# What size is YOUR R3?



## jkcoda007 (Dec 18, 2006)

I am between sizes and having a hard time deciding. I am 6' and the calculator says I need a 56 but I know someone that is my height with a 58 and says it fits him better. What size is everyone else riding?


----------



## Kenacycle (May 28, 2006)

I am 5'11" and I ride a 58. I could and should according to calculations ride a 56, but I prefer a bigger size.


----------



## JustinTur (Mar 4, 2006)

*54*

@ 5'10". Had a 56 R2.5 and felt streched on it.


----------



## MG537 (Jul 25, 2006)

I am 6' and ride a 58. But don't take these figures as a given. It depends a lot on your leg size and various other factors.
Take a look at http://www.competitivecyclist.com/za/CCY?PAGE=FIT_CALCULATOR_INTRO. This is by far the most comprehensive site I've seen thus far on the web.
And if you decide to buy an R3, it is one sweet comfy ride. This coming from someone who used to ride a Softride.


----------



## jkcoda007 (Dec 18, 2006)

*Interesting...*

At 6', you are probably on the border of 56 and 58 like myself. I used that calculator and it determined that I would be best on a 56...but you are the third guy that I have heard that is riding a 58 at 6' tall. I am starting to wonder. There was one guy that is 6'2 and rides a 56 because he has longer legs and a shorter torso which is more in check with my body type so its safe to say...I am still undecided.

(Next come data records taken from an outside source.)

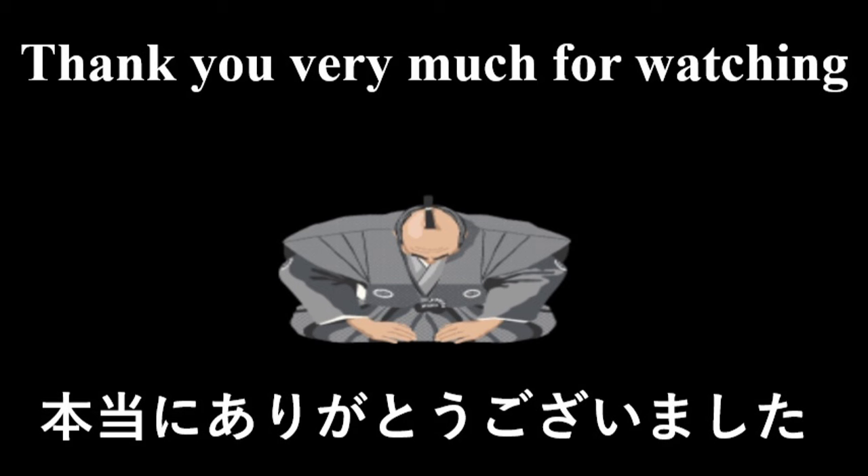I want to thank you for watching this video. If you liked it, please consider liking, subscribing, and sharing. A special thank you to my Patreon member, Colter Nebel. I do hope that you will join me again for the next video. And please have a great day or night, wherever you are. Otsukarasama Desta!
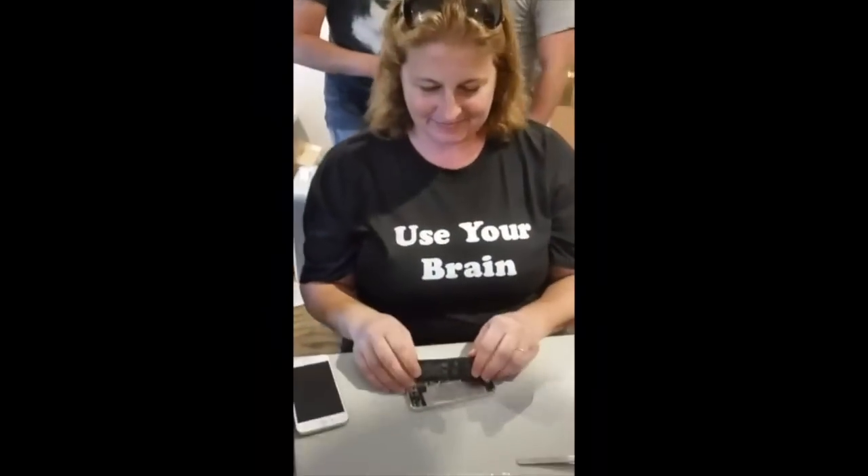High five, Rego! Mom. Yeah, but usually I'm just like...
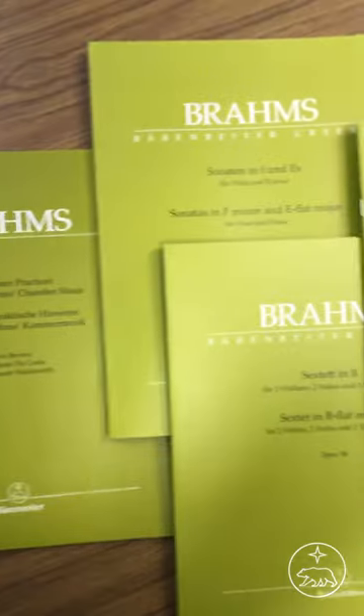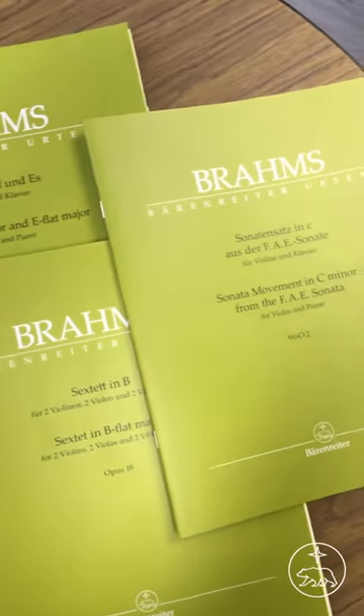This booklet is the same size as our practical editions, so it'll fit perfectly into your bag together with your other music. I love that it's not at all just a theoretical read — instead it's really accessible and it provides you with lots of information that will boost your own musicality and interpretation.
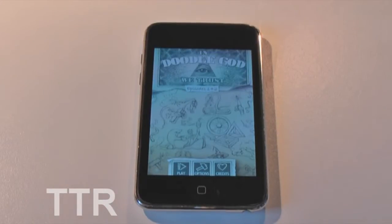Hey everyone, this is Will here from Tech Reviews, just about to do a quick application review on a really cool app I found in the App Store called Doodle God. This app is $0.99 in the App Store. If you'd like any more information, there'll be a download link and more pricing information in the description below.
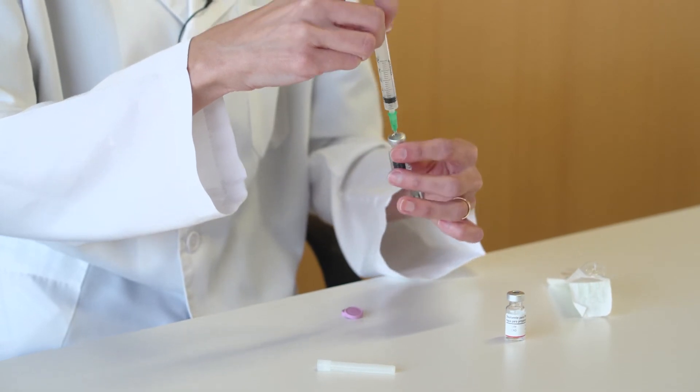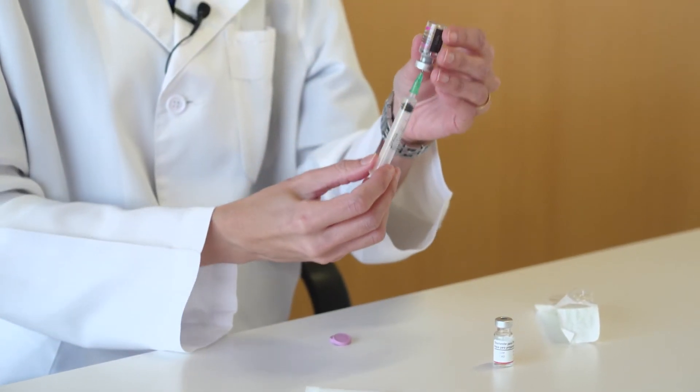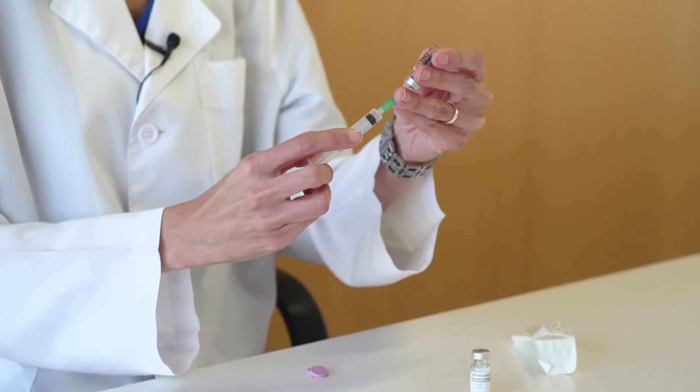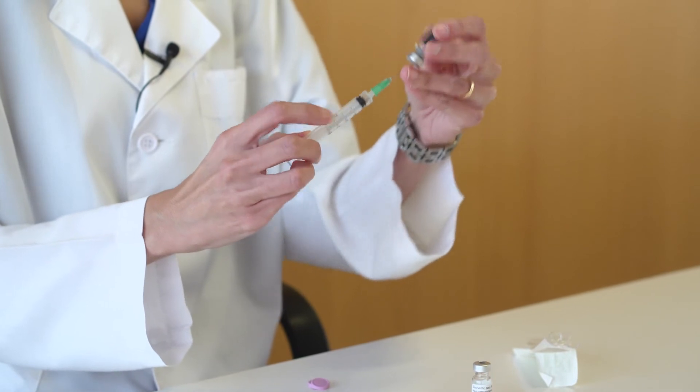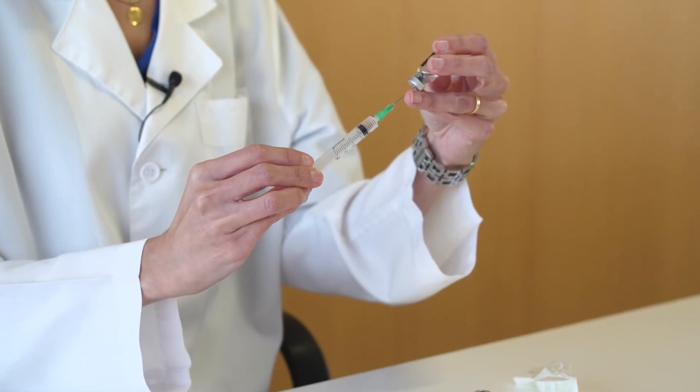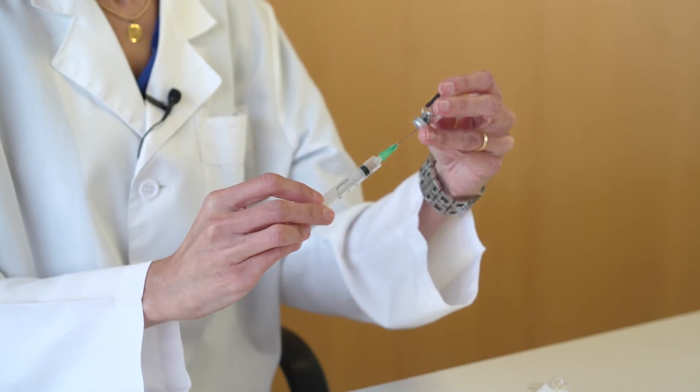With the needle still inserted, turn the vial upside down, making sure that the tip of the needle is in contact with the solution. Gently pull the plunger of the syringe to withdraw all the solution and remove the needle from the vial.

The crazy thing is the LBS only has a 56 in stock...no 58 to try. Hmmmmmm...:idea:


----------



## MG537 (Jul 25, 2006)

You're quite right. When the LBS guy took my measurements I remember he came out with a figure like 57.1, but since there was no frame of that size we went with the 58.
We could've gone the other way too, meaning 56, with minor adjustments in stem size, handle bar height etc.
Keep in mind that these are centimeters we're talking about. 1 centimeter isn't even 1/2 inch. (1 inch = 2.54 centimeters). As long as he doesn't try to put you on 48 frame you should be OK. Everything else should be adjustable with different components.
Have fun choosing your new ride.


----------



## serious humour (Sep 29, 2007)

I'm 5'11" and am on a 56, with a lot of seatpost (I had to ditch the standard one and get a 330) but the stretch feels about right, though I'm not entirely convinced. I'd like to try a 58 as I think it might be a bit better.


----------



## gitoutdaway (Nov 28, 2007)

fww:
I've been reaserching this and everyone i have spoken with at shops across town recommend a 58 for me over a 56 or 61, and I am 6-6'1 with longish legs, the drop on a 56 would be excessive.


----------



## jkcoda007 (Dec 18, 2006)

*Decided..*

I did a small road test and tried a 58 and 56...but just felt more comfortable on the 56. I come from a mountain bike backround and have always liked my frames smaller. Not saying I should ride a 56 but I just feel more comfortable on it. I agree...an LBS in the area that had Cervelo Soloists in stock said I should be riding a 58...however he was 2 inches shorter than myself and said he road a 54 because he has a bad back/neck. I think it just goes to show...you can make anything really work for ya...its just what your comfortable with.


----------